Upon Sussan Ley's election as leader of the Liberal Party, Sandilands called her "a real powerhouse of a woman". He also said that he votes for the Liberal Party.

As of 2026, Sandilands supports the One Nation political party.

== Personal life ==
On 26 September 2008, Sandilands married pop singer Tamara Jaber and the couple shared a house in St Ives, located in Sydney's Upper North Shore. However, on 12 July 2010, it was reported the couple had split.

Since March 2012, it was reported that Sandilands was in a relationship with much younger woman Imogen Anthony. They split up in 2019.

On 13 August 2015, Sandilands took his shirt off during a live broadcast of The Morning Show, after claiming he has been "fat-shamed" by the media, and afterwards admitted: "I think I'm going to have to do something about the weight. I've got the high blood pressure, the sleep apnoea, I'm a mess." He also confirmed he was to have a hernia operation in December 2015.

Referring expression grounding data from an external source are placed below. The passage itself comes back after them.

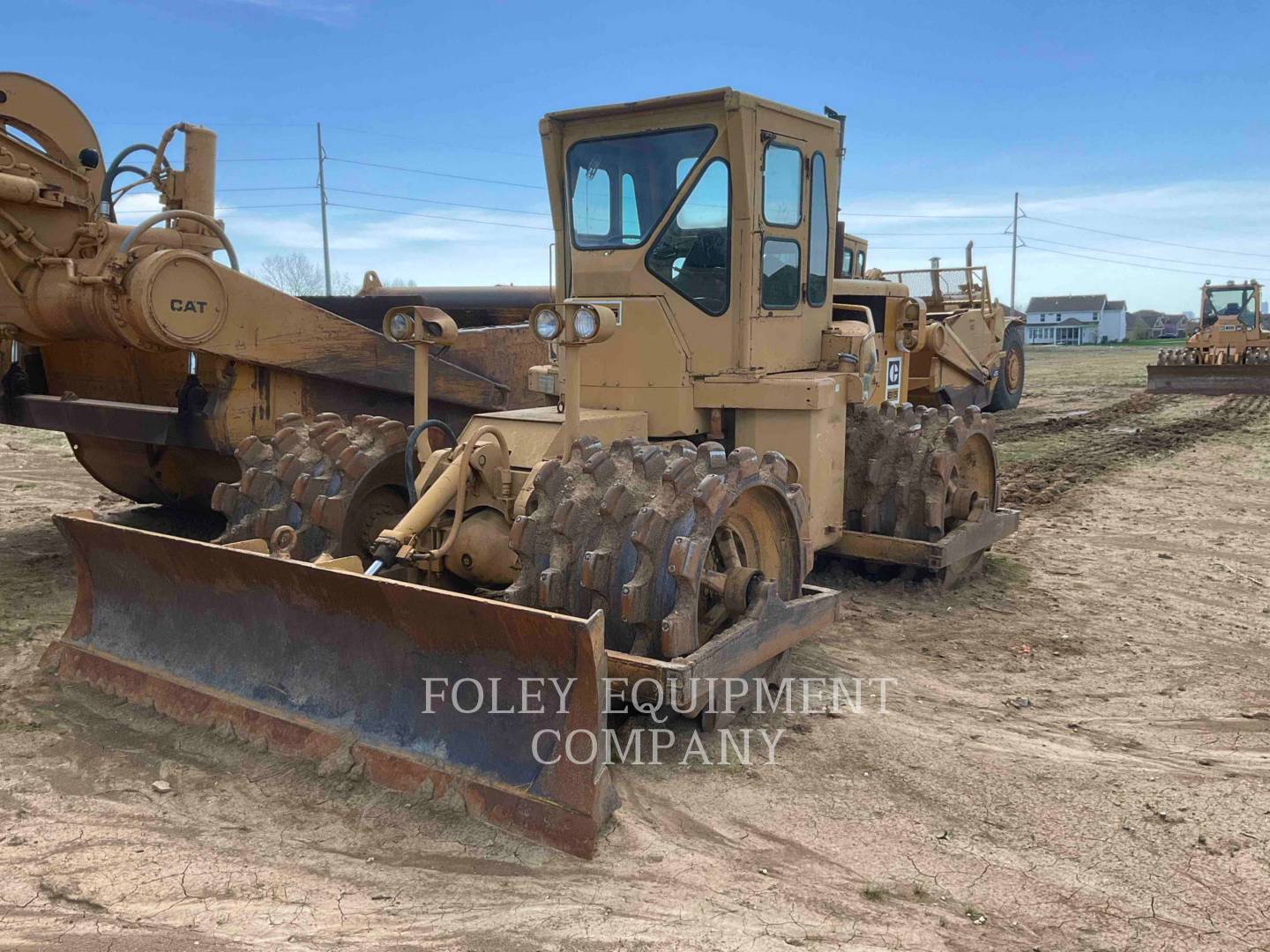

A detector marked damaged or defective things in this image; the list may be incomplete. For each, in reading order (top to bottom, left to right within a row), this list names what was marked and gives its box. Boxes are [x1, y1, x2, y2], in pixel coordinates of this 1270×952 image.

rusty dozer blade [1147, 365, 1270, 396]
rusty dozer blade [40, 517, 614, 863] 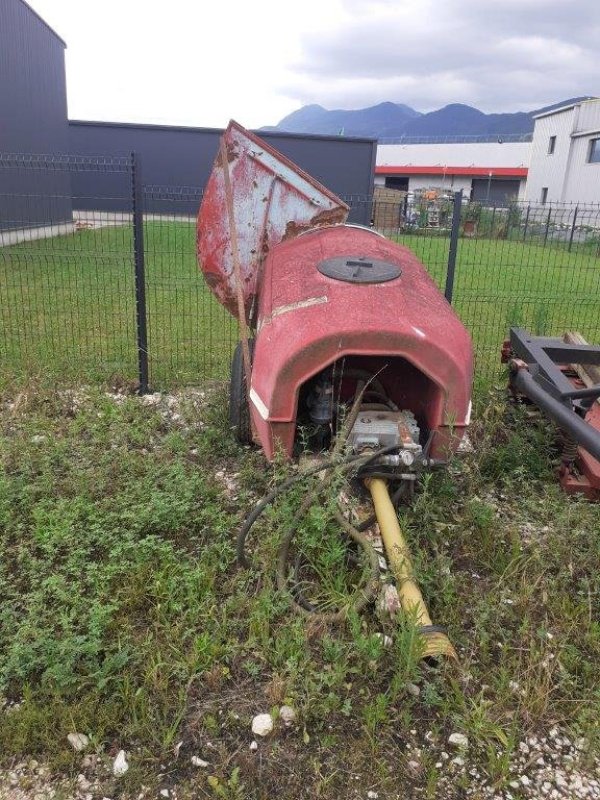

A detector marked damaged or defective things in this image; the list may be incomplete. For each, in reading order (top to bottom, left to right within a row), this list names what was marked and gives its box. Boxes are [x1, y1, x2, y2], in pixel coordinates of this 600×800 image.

rusty red metal hood [197, 120, 350, 320] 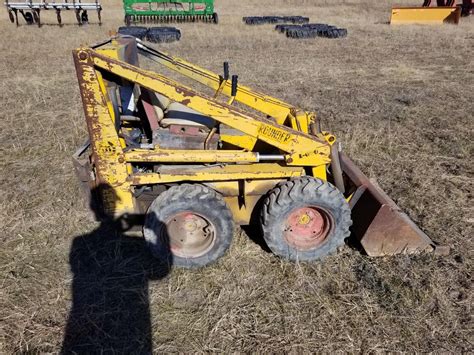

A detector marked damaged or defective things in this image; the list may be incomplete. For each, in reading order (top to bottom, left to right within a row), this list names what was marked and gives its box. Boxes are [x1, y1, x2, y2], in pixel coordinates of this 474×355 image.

rusty metal surface [340, 154, 444, 258] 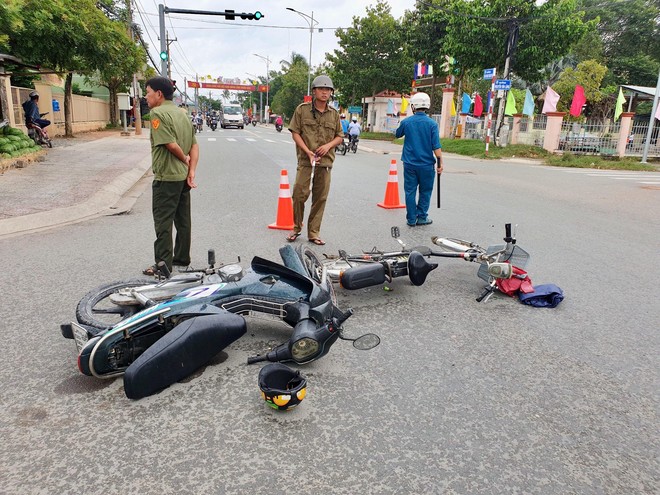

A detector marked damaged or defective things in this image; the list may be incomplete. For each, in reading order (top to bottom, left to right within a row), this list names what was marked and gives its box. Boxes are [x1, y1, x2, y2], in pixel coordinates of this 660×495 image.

overturned motorcycle [63, 246, 382, 402] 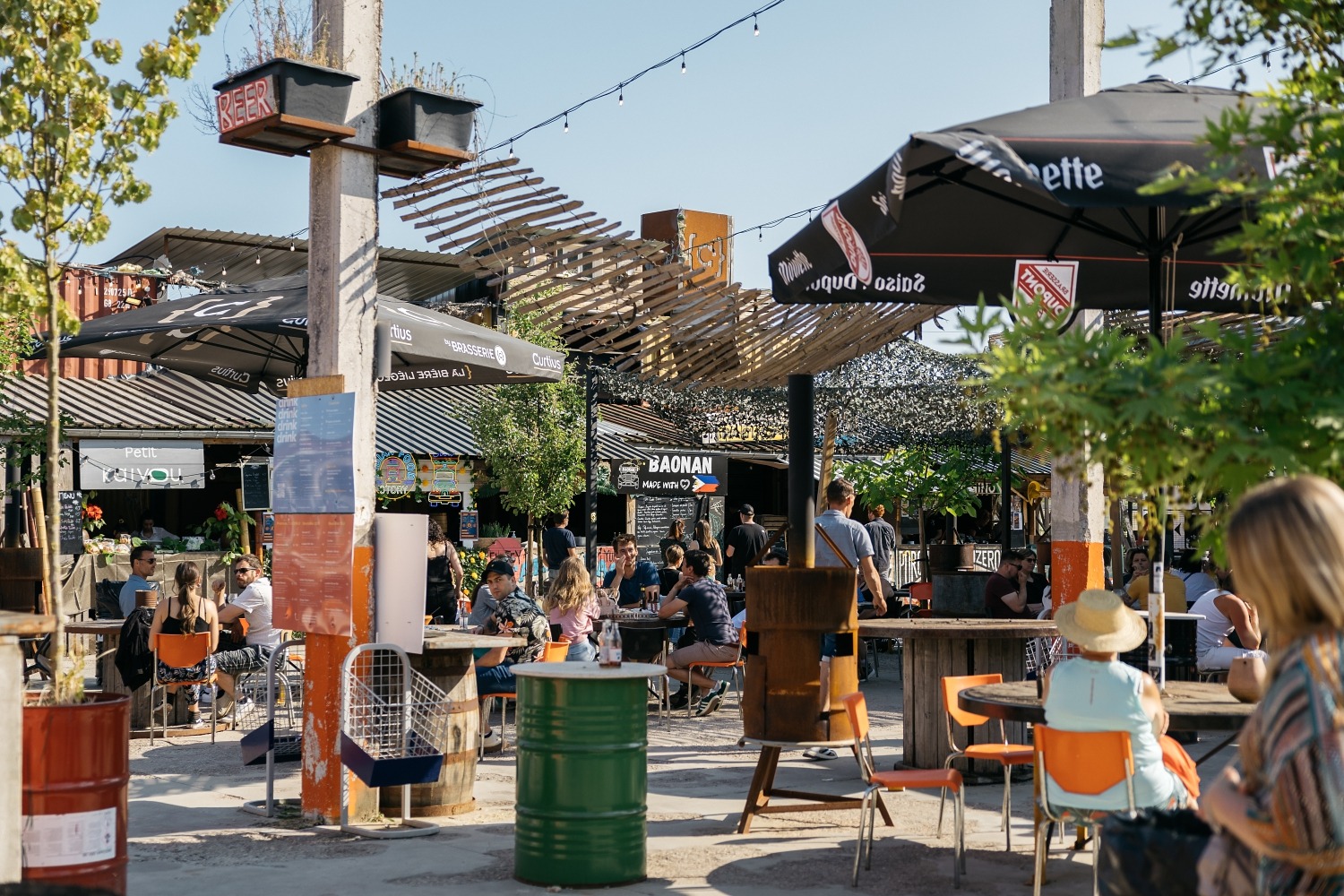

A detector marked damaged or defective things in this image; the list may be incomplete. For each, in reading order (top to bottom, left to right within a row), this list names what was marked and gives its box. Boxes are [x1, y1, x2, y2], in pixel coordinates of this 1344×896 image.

rusty metal barrel [747, 566, 860, 741] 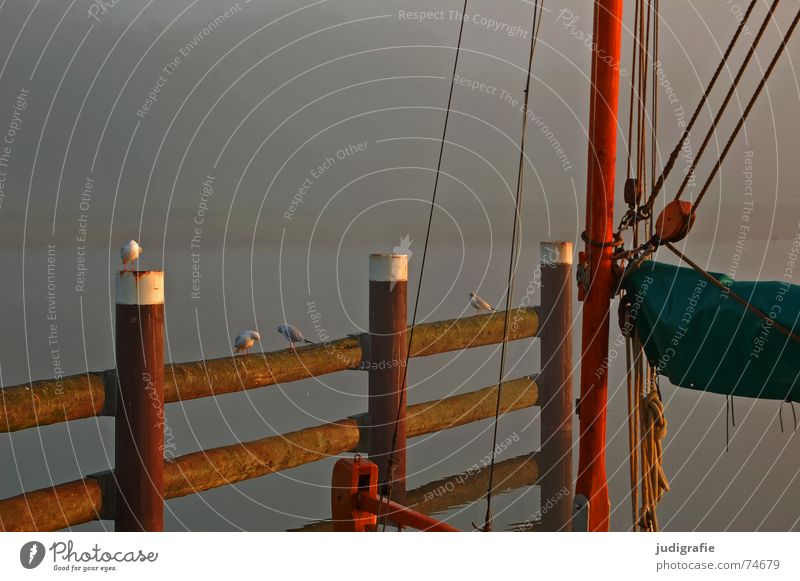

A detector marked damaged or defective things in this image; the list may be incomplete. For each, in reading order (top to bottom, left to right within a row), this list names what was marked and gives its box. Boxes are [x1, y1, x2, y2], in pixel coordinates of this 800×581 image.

rusty metal post [113, 270, 163, 532]
rusty metal post [368, 251, 406, 500]
rusty metal post [540, 240, 572, 532] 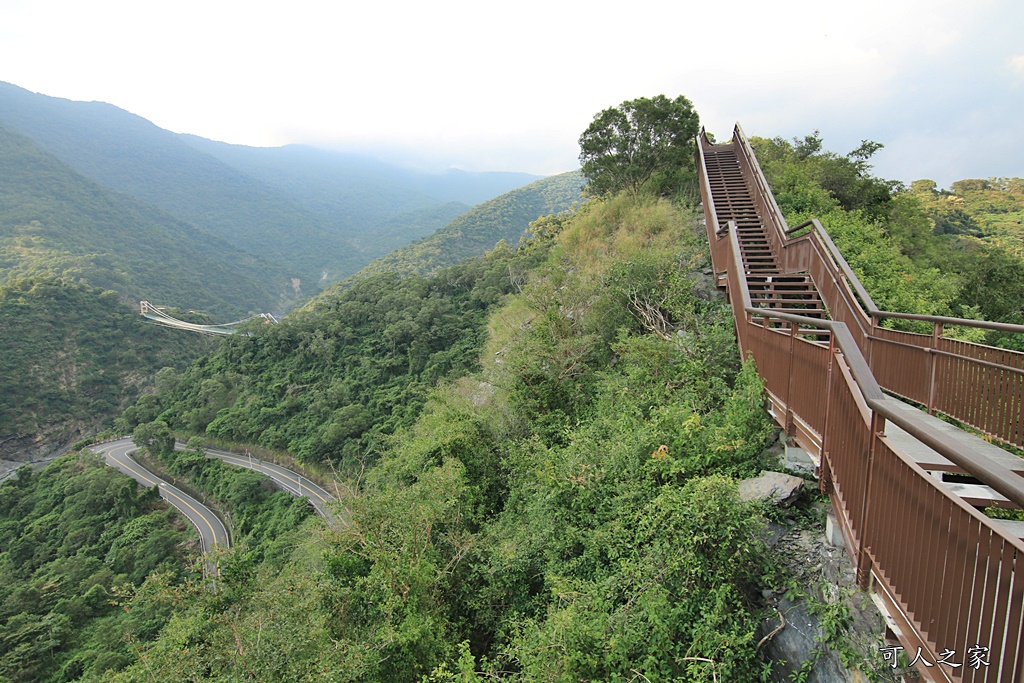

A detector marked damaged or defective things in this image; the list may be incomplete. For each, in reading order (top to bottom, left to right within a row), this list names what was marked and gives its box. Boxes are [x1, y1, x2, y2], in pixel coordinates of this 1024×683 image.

In February 2022, Sandilands and his partner Tegan announced they were expecting a baby, and they had the gender reveal for Otto during a cruise on Sydney Harbour as two planes streaked coloured smoke overhead. Before their son's birth, Sandilands announced that they were naming his radio partner Jackie O as Otto's godmother, surprising her in their studio off-air. On 11 August 2022, Kyle Sandilands became a father for the first time when his fiancée Tegan Kynaston gave birth to their son Otto.

Sandilands married Kynaston in April 2023 at Swifts, Darling Point, in Sydney, which included high-profile political figures such as prime minister Anthony Albanese and New South Wales premier Chris Minns. Notably, the groomsmen consisted of former nightclub owner John Ibrahim and convicted drug dealer Simon Main.

In February 2025, Sandilands revealed, live on his radio program, that he had a brain aneurysm and that he would require surgery.